In the new study, the researchers show that psychedelic drugs have a similar mechanism. First, they demonstrated that LSD and psilocin bind to TrkB in cells in a dish—and do so 1000 times more strongly than classical antidepressants. They also found the drugs spurred rat and mouse neurons to develop an increased number of neural connections, indicating increased neuroplasticity.

These findings suggested that psychedelics might have an antidepressant effect by acting on TrkB, even without triggering the serotonin receptor. So the team gave mice LSD alongside a compound that blocks the drug from binding to the serotonin 2A receptor, to see whether this would reduce depressionlike behavior without inducing hallucinations. With humans, you can simply ask whether someone experienced hallucinations, “but with mice, it’s not that easy,” Moliner says.

His team took advantage of the fact that rodents on a hallucinogenic drug normally twitch their heads as if they are shaking off a fly. Mice given LSD along with the serotonin 2A blocker did not display the head-twitch response. But they did show an improvement in the “freezing” behavior that researchers use as an analog of human depression, suggesting the drugs were still having an antidepressant effect.

These results may prompt more interest in finding drugs that exclusively target TrkB, says Gabriel Jacobs, a clinical pharmacologist at Leiden University, and in investigating whether hallucinations are necessary for psychedelics’ therapeutic effects in humans.

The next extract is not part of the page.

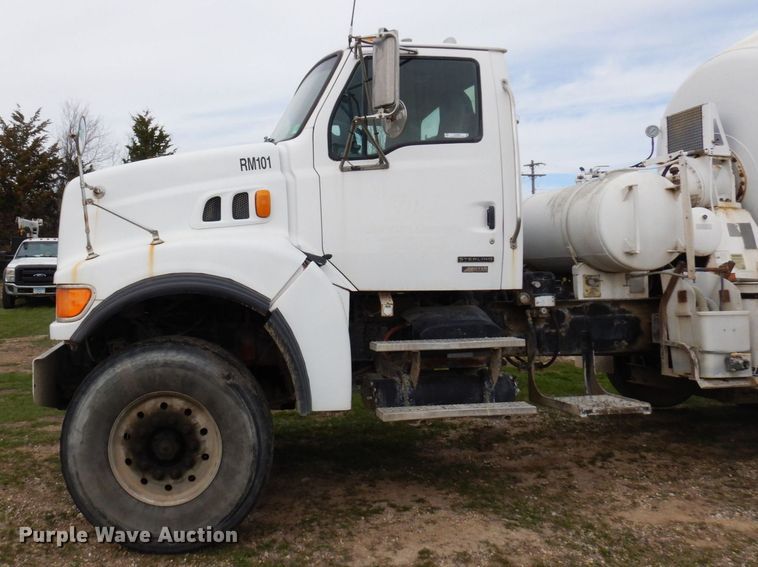 image for item KU9950 2005 Sterling LT9500  ready mix truck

Others warn that animal studies of depression often do not translate well to humans, and that the promise of psychedelics in clinical trials is not clear-cut. “Hundreds of papers” have found promising mechanisms for antidepressant treatment in mice, “none of which made it to the development of new pharmacological drugs that do better than gold-standard treatments for depression,” says Eiko Fried, a clinical psychologist at Leiden. And although psychedelics do really seem to help patients feel better, it’s not possible to conceal from patients whether they have taken a psychedelic or placebo, says Balázs Szigeti, a psychedelics researcher at Imperial College London. This muddies the evidence from clinical trials.

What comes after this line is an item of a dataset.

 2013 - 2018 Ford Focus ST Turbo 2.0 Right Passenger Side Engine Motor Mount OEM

Senior author Eero Castrén, a neuroscientist at Helsinki, believes his team’s work may open up promising pathways for psychedelic-inspired antidepressants. But, “This will be quite a long journey,” Castrén says. Even if such drugs seemed effective in animals, extensive human tests would be needed to confirm that revamped psychedelics both relieve depression and are not hallucinogenic. “It’s not something that is going to happen in the next 5 years.”